Formation | 1977 |
---|---|
Type | 501(c)(3) nonprofit public interest law firm |
Purpose | Public interest litigation |
Headquarters | Lakewood, Colorado |
Region served | United States |
President and CEO | Cristen Wohlgemuth |
Staff | 15 (2019) [1] |
Website |
Mountain States Legal Foundation (MSLF) is an American 501(c)(3) nonprofit [2] conservative free market public interest law firm based in Lakewood, Colorado. [3] [4] [5] Its lawyers argue cases on property rights and federal land management in the American West, [5] as well as gun rights [6] and other constitutional law cases.
Past attorneys for MSLF include James G. Watt and Gale Norton, who became U.S. secretaries of the interior in the Reagan administration and George W. Bush administration, respectively; William Perry Pendley, acting director of the Bureau of Land Management in the first Trump administration; and John Kyl, former U.S. senator from Arizona. [7] [8]
MSLF was incorporated in Denver, Colorado, in 1976 with funding from the National Legal Center for the Public Interest and Joseph Coors. [9] MSLF's first president was James G. Watt. MSLF filed amicus briefs opposing an affirmative action program at the University of Colorado Law School, opposing business inspections, and opposing Idaho's ratification of the Equal Rights Amendment. [9]
MSLF is governed by a volunteer Board of Directors, which also approves all legal actions taken by MSLF, and assisted in the selection of its litigation by a volunteer Board of Litigation. [10] [11] MSLF employs a full-time staff, which includes attorneys who conduct all of the litigation in which MSLF engages.
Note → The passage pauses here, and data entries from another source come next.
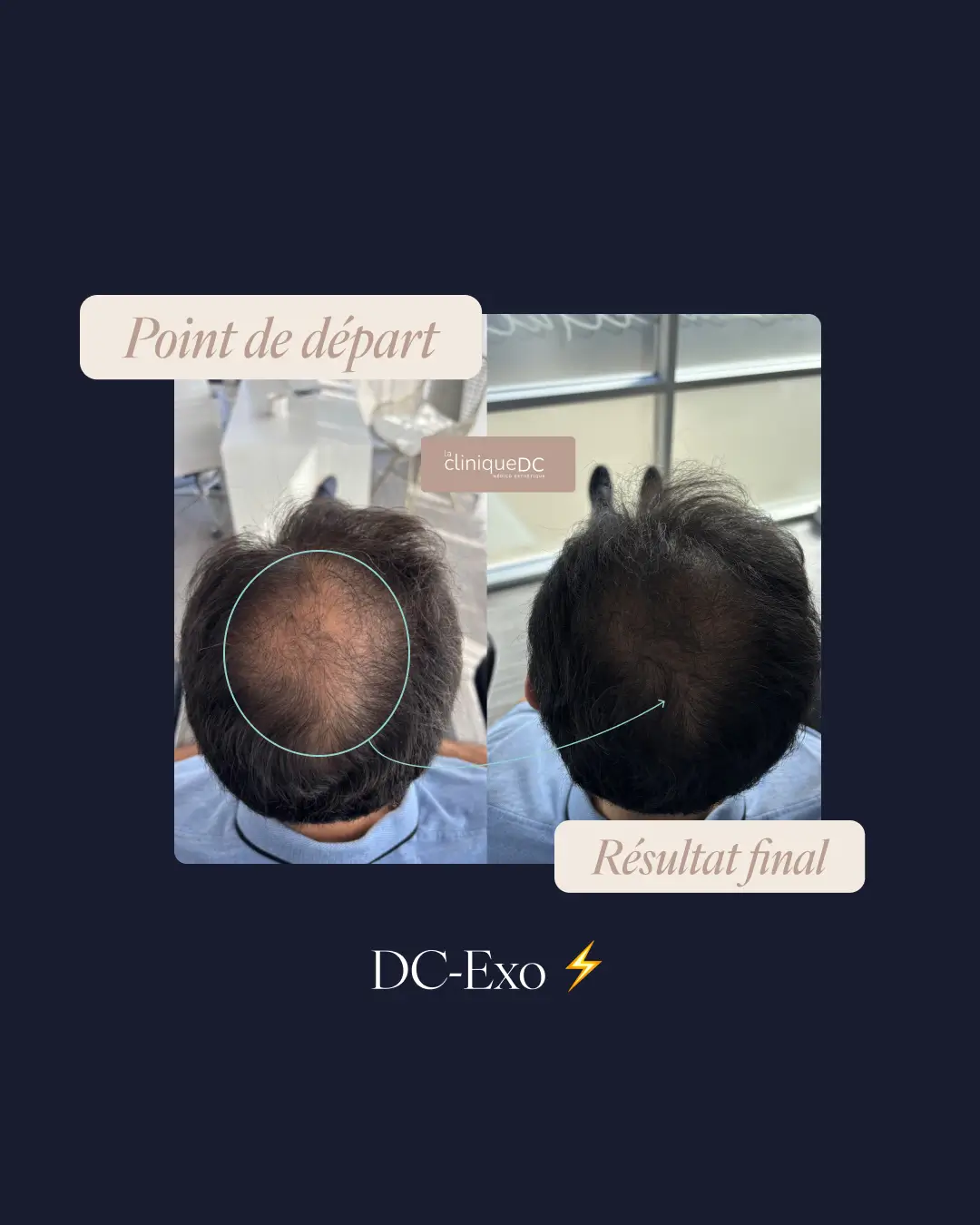 une photo du vortex du front d'un avant-après prp exosome perte de cheveux a laval dans une clinique medico-esthetique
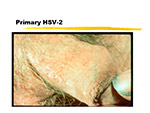  Primary HSV 2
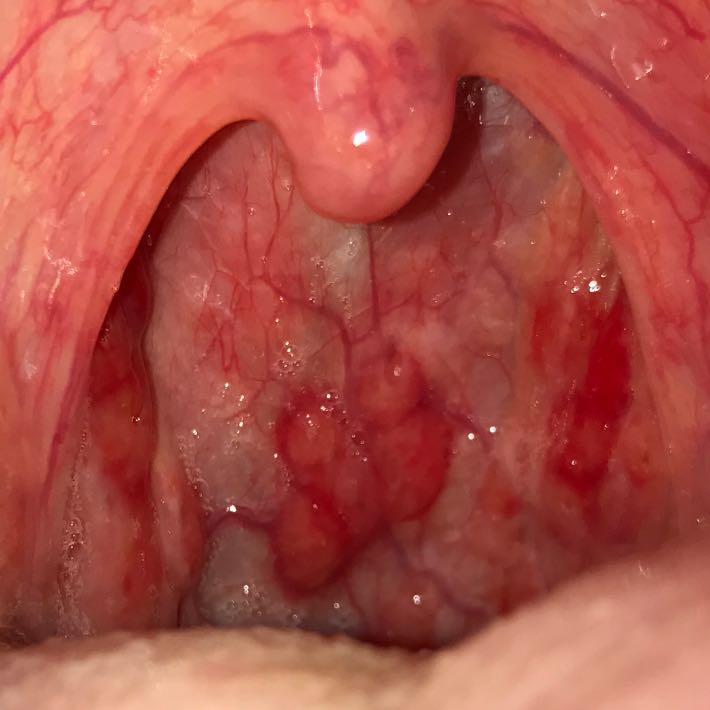36++ Mund und rachenkrebs bilder , Ist der Rachen normal entzündet? (Entzündung)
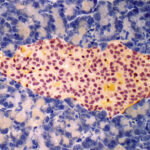 electronic-mesh-spurs-islet-cell-maturation,-could-aid-diabetes-care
The organization reports its annual budget to be over $2 million. [12]
MSLF's office is in Lakewood, Colorado, near Denver. MSLF publishes a quarterly newsletter, The Litigator, which addresses topical legal issues.
Since its creation, MSLF has argued cases before the Supreme Court of the United States and numerous federal courts of appeals.[ citation needed ] In 1995, its president, William Perry Pendley, argued before the Supreme Court in Adarand Constructors, Inc. v. Peña, the case in which the justices ruled that preferential treatment based on race is almost always unconstitutional. [13] [14] MSLF has continued its litigation regarding affirmative action, reverse discrimination, and racial quotas and preferences, and also has litigated regarding the Voting Rights Act.[ citation needed ]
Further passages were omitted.